Background

Rich metadata ensure that open access (OA) articles can be found and reused. To manage OA publication fees and negotiate transformative agreements, it is therefore crucial to monitor metadata compliance (Borrego et al., 2020; Geschuhn & Stone, 2017; Marques et al., 2019).

metacheck lets you automatically check the quality of publisher-provided metadata for OA journal articles. The tool mainly targets libraries and consortia that manage OA publishing funds and negotiate transformative agreements.

metacheck focuses on DOIs from the registration agency Crossref. Crossref is used by all major publishers (Hendricks et al., 2020). As a consequence, Crossref is a key data source for leading open access discovery services like Unpaywall (Piwowar et al., 2018) and open access transparency initiatives like Open APC (Jahn & Tullney, 2016; Pieper & Broschinski, 2018).

metacheck uses Crossref Metadata Plus. A service-level agreement ensures performant access to the Crossref REST API.

For more details on compliance checking of licensing information in Crossref in the context of OA transformative agreements, see Voigt (2020).

Example

Pretest

You have provided 284 DOIs.

We first check whether these DOIs could have compliant open access metadata. DOIs that do not meet one or more of following criteria are excluded from the below analysis.

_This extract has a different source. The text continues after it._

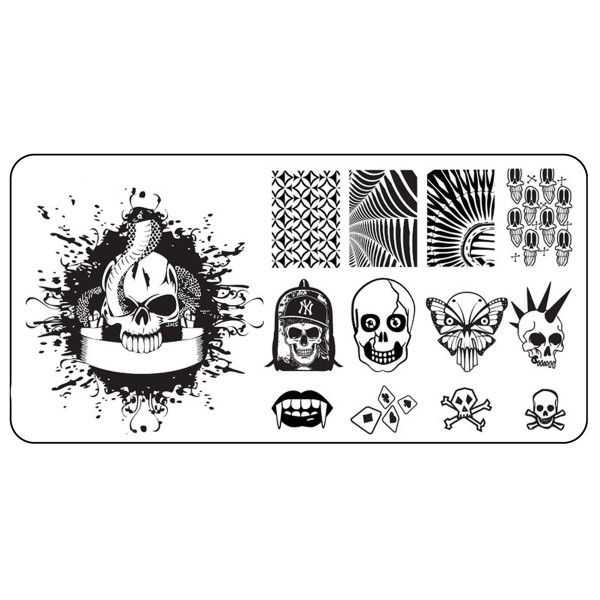 Stamping Schablone Skull 8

  • 284 (100%) thereof fulfill the criterion not_missing: DOIs must not be missing values. (0 dropped.)
  • 284 (100%) thereof fulfill the criterion unique: DOIs must be unique. (0 dropped.)
  • 284 (100%) thereof fulfill the criterion within_limits: Number of DOIs must be within the allowed limit. (0 dropped.)
  • 284 (100%) thereof fulfill the criterion doi_org_found: DOIs must be resolveable on DOI.org. (0 dropped.)
  • 284 (100%) thereof fulfill the criterion from_cr: DOIs must have been registered by the Crossref registration agency (RA). (0 dropped.)
  • 284 (100%) thereof fulfill the criterion cr_md: DOIs must have metadata on Crossref. (0 dropped.)
  • 284 (100%) thereof fulfill the criterion article: DOIs must resolve to a journal article. (0 dropped.)

Test Results

The following analysis covers only the remaining 284 DOIs.

Overview

The below table summarises the test results.

Article Share
CC License 284 100%  
Compliant CC 213 75%  
TDM Support 133 47%  
Funder info 188 66%  
ORCID 200 70%  
Open Abstracts 231 81%  
Open Citations 275 97%  

The table shows absolute counts and relative shares.

Tests include:

  • CC License: Availability of Creative Commons (CC) licenses
  • Compliant CC: Availability of compliant Creative Commons (CC) licenses
  • TDM Support: Support for text and data mining (TDM)
  • Funder info: Information regarding bodies funding the publication
  • ORCID: Open Researcher and Contributor ID for authors
  • Open Abstracts: Open Abstracts metadata
  • Open Citations: Open Citations metadata

Below are the results for each test in greater detail.

Creative-Commons Licenses

Open content licenses are essential to govern access and re-use to open access journal articles.

metacheck normalizes Creative Commons licenses and maps them to the different variants in use such as CC BY. We also check if license statements are compliant.

Used CC Licenses

The below table shows the number and percentage by Creative Commons variant.

Article Share
by 253 89%  
by-nc 25 9%  
by-nc-nd 4 1%  
by-sa 2 1%  

Many research funders recommend CC-BY, in particular those supporting the Plan S Principles. NA indicates articles where no licence metadata was found.

Compliance of CC Licensing Information

The below table displays the number and percentage of articles with compliant license metadata.

Article Share
All fine! 213 75%  
Difference between publication date and the CC license's start_date suggests delayed OA provision 65 23%  
No Creative Commons license metadata found for version of record 6 2%  

We consider license metadata as compliant, if and only if:

  • the license URL represents a Creative Commons license URL,
  • the Creative Commons license refers to the publisher version, the so-called “version-of-record”, and
  • the Creative Commons license came into effect at the date of publication (exclusion of delayed OA).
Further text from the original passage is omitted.